"Kludge" gravitational waveforms for a test-body orbiting a Kerr black hole

TL;DR

This work introduces numerical kludge (NK) waveforms that fuse exact Kerr geodesic motion with flat-space GW emission to produce fast, approximate EMRI templates. The authors demonstrate that NK quadrupole-octupole waveforms achieve overlaps $\gtrsim 0.95$ with Teukolsky-based waveforms for many orbits, particularly when the periapsis lies beyond $5M$, and show reasonable performance for inspirals up to several orbits before plunge.
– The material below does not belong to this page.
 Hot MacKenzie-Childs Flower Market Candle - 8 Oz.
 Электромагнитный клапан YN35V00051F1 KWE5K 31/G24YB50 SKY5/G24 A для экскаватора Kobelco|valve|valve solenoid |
They also quantify the accuracy of NK-derived GW fluxes and discuss the limitations due to neglecting tail effects and the conservative self-force, outlining a practical path to include conservative corrections via PN-inspired frequency shifts. The results suggest NK templates can play a valuable role in initial detection, hierarchical searches, and non-Kerr spacetime studies, while highlighting areas for refinement (tails, horizon flux, self-force) to improve precision for parameter estimation and strong-field physics.

Abstract

One of the most exciting potential sources of gravitational waves for low-frequency, space-based gravitational wave (GW) detectors such as the proposed Laser Interferometer Space Antenna (LISA) is the inspiral of compact objects into massive black holes in the centers of galaxies. The detection of waves from such "extreme mass ratio inspiral" systems (EMRIs) and extraction of information from those waves require template waveforms. The systems' extreme mass ratio means that their waveforms can be determined accurately using black hole perturbation theory. Such calculations are computationally very expensive. There is a pressing need for families of approximate waveforms that may be generated cheaply and quickly but which still capture the main features of true waveforms. In this paper, we introduce a family of such "kludge" waveforms and describe ways to generate them. We assess performance of the introduced approximations by comparing "kludge" waveforms to accurate waveforms obtained by solving the Teukolsky equation in the adiabatic limit (neglecting GW backreaction). We find that the kludge waveforms do extremely well at approximating the true gravitational waveform, having overlaps with the Teukolsky waveforms of 95% or higher over most of the parameter space for which comparisons can currently be made. Indeed, we find these kludges to be of such high quality (despite their ease of calculation) that it is possible they may play some role in the final search of LISA data for EMRIs.

Figures (12)

• Figure 1: Expected sensitivity curve $\sqrt{S_h(f)}$ for LISA; black curve: numerical curve as generated in larson, red curve: analytic approximation used in this paper, see text for details).
• Figure 2: Comparing TB and quadrupole-octupole kludge waveforms (black and red curves (bold black and grey curves in the b&w version), respectively) for equatorial orbits and for an observer at a latitudinal position $\theta = 45^\circ$ or $90^\circ$. Orbital parameters are listed above each graph. The waveforms are scaled in units of $D/\mu$ where $D$ is the radial distance of the observation point from the source and $\mu$ is the test-body's mass. The x-axis measures retarded time (in units of $M$) and we are showing the '+' polarization of the GW in each case. The overlaps between the NK and TB waveforms are $0.970, 0.987, 0.524$ going from the top figure down.
• Figure 3: Comparing TB and quadrupole-octupole kludge waveforms (black and red curves (bold black and grey curves in the b&w version), respectively) for circular-inclined orbits and for an observer at a latitudinal position $\theta = 90^\circ$. Orbital parameters are listed above each graph. The waveforms are scaled in units of $D/\mu$ where $D$ is the radial distance of the observation point from the source and $\mu$ is the test-body's mass. The x-axis measures retarded time (in units of $M$) and we again show the plus polarization of the GW. The overlaps between the NK and TB waveforms are $0.882$ for the top figure and $0.955$ for the bottom figure.
• Figure 4: Comparing TB and quadrupole-octupole kludge waveforms (black and red curves (bold black and grey curves in the b&w version), respectively) for generic orbits. Orbital parameters are listed above each graph. The waveforms are scaled in units of $D/\mu$ where $D$ is the radial distance of the observation point from the source and $\mu$ is the test-body's mass. The x-axis measures retarded time (in units of $M$). The overlaps between the NK and TB waveforms are $0.991$ and $0.966$ for the top and bottom figures respectively.
• Figure 5: Comparison of the integrand of the SNR in the frequency domain $[\tilde{h}(f)\tilde{s}^*(f)]/S_h(f)$ where $\tilde{h}(f)$ is determined from the quadrupole, quadrupole-octupole and Press waveforms, and $s(f)$ is determined from the TB waveform. We have chosen orbital parameters $p= 12M,~e=0.1,~\iota = 120^\circ$ and spin $a=0.9M$. One can see that Press waveform performs better than quadrupole-octupole waveform at high frequencies.